Total miles biked: 84 miles from Dixie National Forest Campground to Cannonville, UT
“Life is either a great adventure or nothing.” – Helen Keller
*Delayed post due to no service*
As the title suggests, we had a handful of troubles today. Our first one could have been extremely disastrous, but we lucked out. About 10 miles away from our campground last night in Hanksville, Seth noticed the bike trailer I was pulling had a flat. We pulled over and investigated. Upon looking under the tire at the tube we both thought the entire tire was shredded.
Well, ordinarily this wouldn’t have been an issue, but before we left on this trip we had to downsize a little bit of our cargo and we mistakenly left behind 2 tires that had different valves than our bike tires. At the time we assumed they were just different valve tires and wouldn’t need them, but as we rode on our first day of the trip we realized they were our trailer tires. Now, we knew we had none of the tires for our trailer and we were 50 miles from the next bike shop. As I dialed for the bike shop (which didn’t work), Seth and I decided we would fill the tire with our socks, and if need be, our bread, until we got to that bike shop. So, I dialed the bike shop many times, and Seth began taking off the tire.
To our great relief, the shredding we were both looking at happened to be a tire liner made out of rubber, something we were unaccustomed to. Our tire just happened to have a small hole in it, so we patched it up and were on our way under the perfect overcast for today.
We rode through Capitol Reef National Park, which appeared to be like a ‘desert rainforest’. There were plenty of shrubs, trees, and birds tweeting away as we rode along the canyon walls by a river. As Seth said, “It’s like we’re on another planet”. At this point, the overcast was still thick.
Then came the rain. It was only a light rain at first, but the more we rode, the more it kept picking up. We had to stop at two gas stations along the way to wait out some of the heavier rainfall. Our second gas station was outside the town of Torrey, UT, which was only 12.5 miles from our destination tonight. The decision was made to get to the campground instead of staying in Torrey. On the way up the mountain we encountered light rainfall, but nothing like before. Surprisingly, this mountain had luscious green trees and shrubbery all around – it felt like Colorado, not Utah! We finally made it to the Dixie National Forest Campground where we’ll be freezing in our tent for the night.
Total miles biked: 60.5 from Hanksville, UT to Dixie National Forest Campground (UT)
“The very basic core of a man’s living spirit is his passion for adventure.” – Christopher McCandless
Woke up in a dry field of rocks with half of a bottle of water each – splendid morning. We did have an awesome sunrise coming over the mesas in the distance though, so that made matters better. As we rode down some hills this morning to get to the recreation area at Lake Powell (10 miles away), the air was cool and the sun lit up all the red rocks around us, making it a wonderful ride to our next water source for the next 54 miles.

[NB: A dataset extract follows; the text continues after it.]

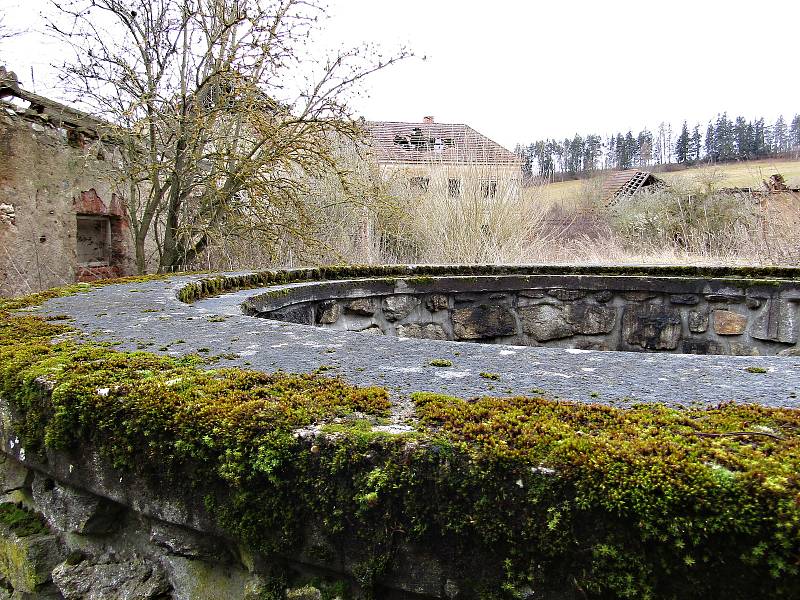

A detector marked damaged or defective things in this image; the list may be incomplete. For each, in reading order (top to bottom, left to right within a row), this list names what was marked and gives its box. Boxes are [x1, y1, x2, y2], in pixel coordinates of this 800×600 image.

damaged roof [368, 120, 520, 166]
damaged roof [604, 169, 664, 206] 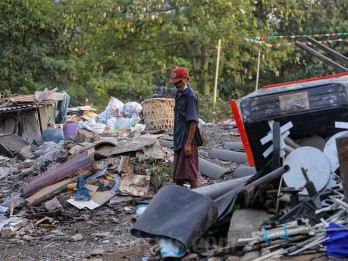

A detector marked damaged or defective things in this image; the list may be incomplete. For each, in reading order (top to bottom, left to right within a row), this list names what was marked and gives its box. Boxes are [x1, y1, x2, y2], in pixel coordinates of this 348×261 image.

This is one of those ‘however’ moments though… we collectively decided to bypass the recreation area because it was 2.2 miles off route (4.4 total miles wasted), and it looked downhill. In our trailer we have a water filtering system that we planned on using on the lake when we got closer, or even in the Colorado River which poured into that lake. Well, we arrived at the bridge for the Colorado River and there were sheer rock cliffs that were 100’s of feet tall – there was no chance we were getting down to that water. Looking at our map, the next water source around this lake was a smaller river, so we pedaled (with no water left at this point) to that river… and once again, sheer rock faces. Another look at the map revealed there was a ‘North Wash’ that followed our highway away from the lake for a few miles, but our hopes were slim on that actually having water in it. At this point, we were both a bit apprehensive about our water situation. The next water source of any kind (which happened to be a town) was 54 miles away. There was absolutely no way we would make it there with no water left in our bottles.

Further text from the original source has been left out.